Perhaps the key failing of those who despise the market in favor of government control is their misunderstanding of what wealth is and how it is produced. In a way, the prosperity resulting from the industrial revolution has impaired our ability to appreciate the complex system that produces the myriad of products and services we consume. Before the advent of industrial production most people lived in fairly autarkic circumstances. They produced what they consumed and vice versa. The ever-increasing division of labor and the widespread use of a common medium of exchange have radically increased man's ability to create wealth, while at the same time fundamentally altering the common person's understanding of what wealth is.
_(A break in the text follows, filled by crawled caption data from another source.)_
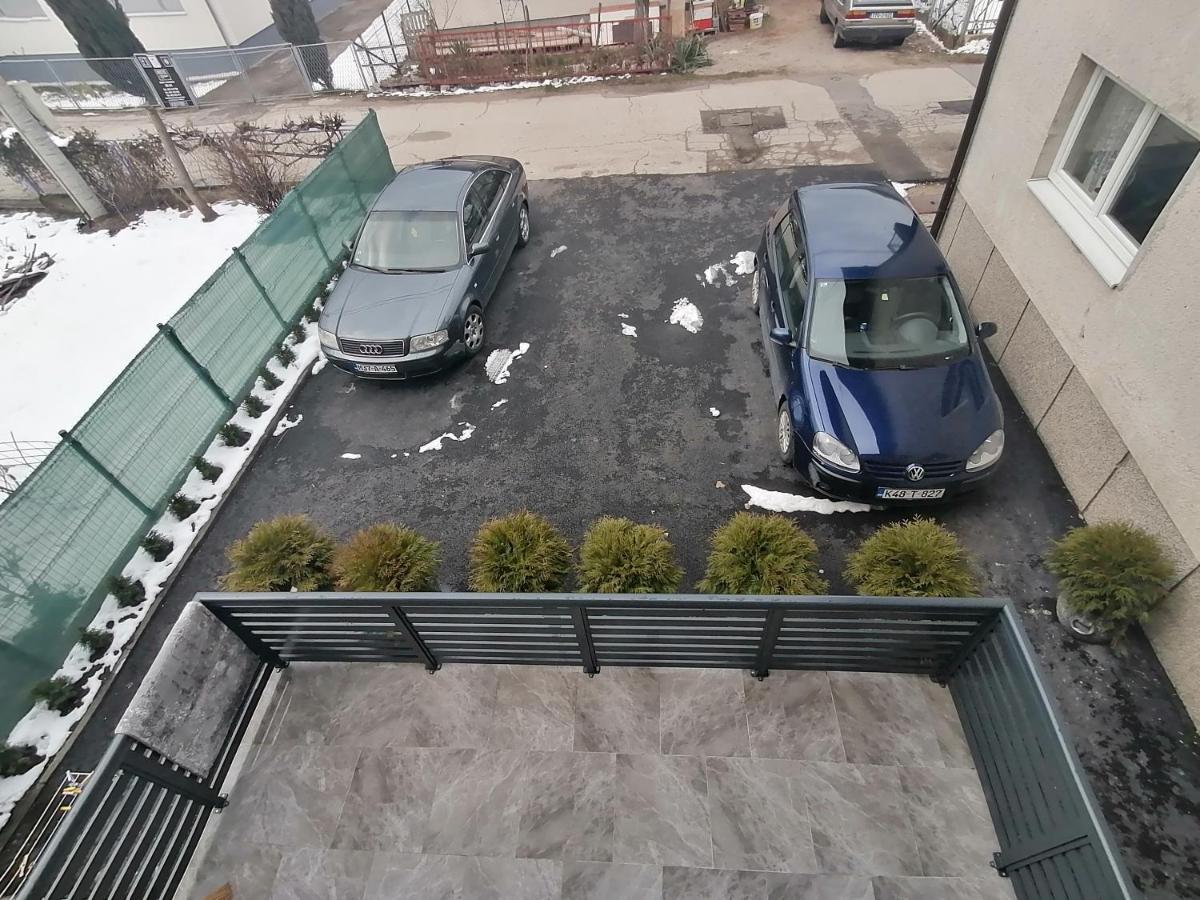 Apartment Slap *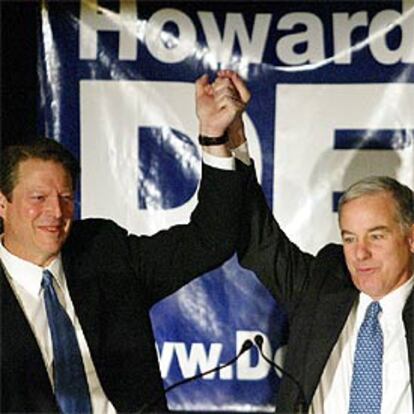 El ex vicepresidente de EE UU Al Gore (izquierda), alza el brazo de Howard Dean, ayer en Nueva York.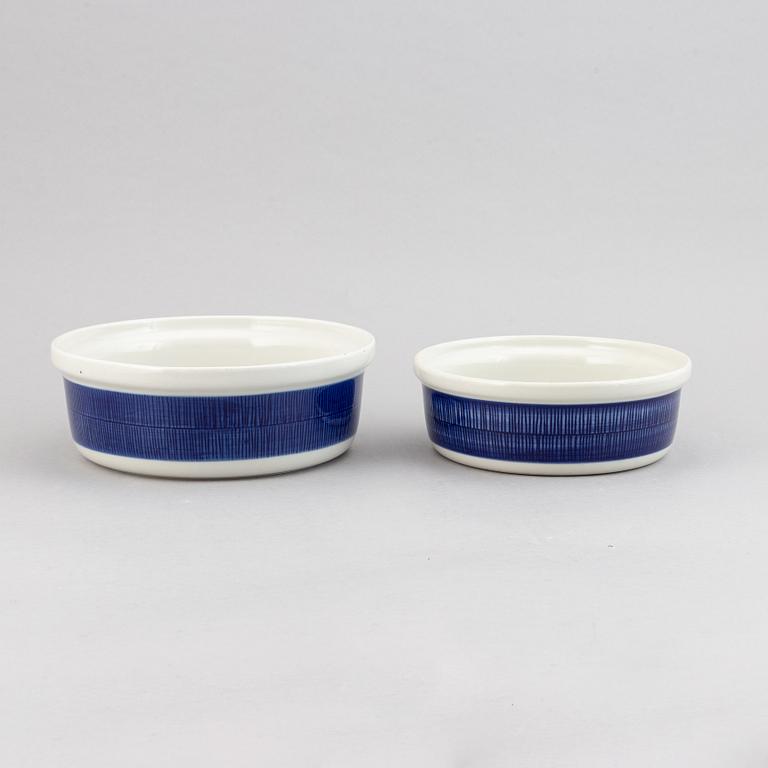 A Hertha Bengtsson 'Koka Blå' dinner service, 84 pcs, Rörstrand, designed 1956.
Most people I know have surprisingly childish views about wealth and money. Government schools have no doubt had a hand in this phenomenon, but it was facilitated by the seemingly spontaneous processes of modern production that we have come to take for granted. I'm sure we all remember being young and wanting things our parents couldn't afford. The stores always seemed to have an endless supply of stuff just sitting around. Why couldn't we have some? Our friends all seemed to have as much as they wanted. So what's the problem?
At one time or another we became acquainted with the cliché, "money doesn't grow on trees," or some similar derivative. Now, for most people reading this (except the really ancient ones), this statement was an outright lie. Ok, perhaps lie is the wrong word since there was no intent to deceive on our parents' part, but it was false nonetheless. Money does grow on trees, and in trees, and out of trees. It's made of paper. But notwithstanding this sophomoric observation, what they probably meant to say is, wealth doesn't grow on trees. It is this distinction many parents fail to make clear to their children, probably because they don't grasp it themselves.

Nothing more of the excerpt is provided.